- _Try it_: Your answer must be the listing repeated word for word, without its pictures.

- _Material provided_:
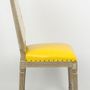 Chaises - Chaise de table Louis XVI, style vintage, 100 cm, finition jaune vieilli - JP2B DECORATION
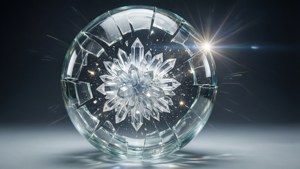 破碎玻璃球體包含發光晶體雪花，帶有星光和鏡頭光暈。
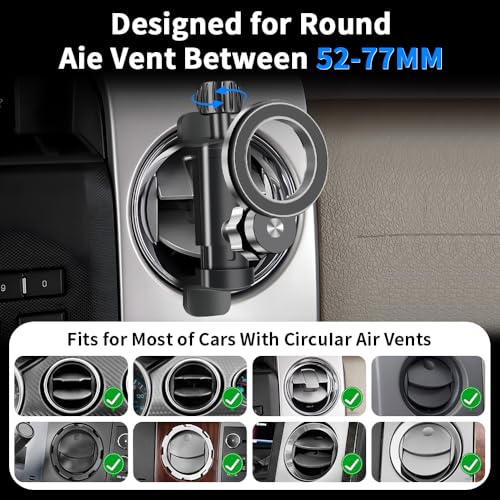 Car Magnetic Phone Holder Mount for Ford Mustang 2005-2023 (Not for Mach E)，F-150 2004-2014，F-250 2008-2016，F-350 2008-2016，Expedition 2003-2017 Circular Air Vent Accessories Cell Cellphone Stand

- _Task output_:
 Chaises - Chaise de table Louis XVI, style vintage, 100 cm, finition jaune vieilli - JP2B DECORATION
 破碎玻璃球體包含發光晶體雪花，帶有星光和鏡頭光暈。
 Car Magnetic Phone Holder Mount for Ford Mustang 2005-2023 (Not for Mach E)，F-150 2004-2014，F-250 2008-2016，F-350 2008-2016，Expedition 2003-2017 Circular Air Vent Accessories Cell Cellphone Stand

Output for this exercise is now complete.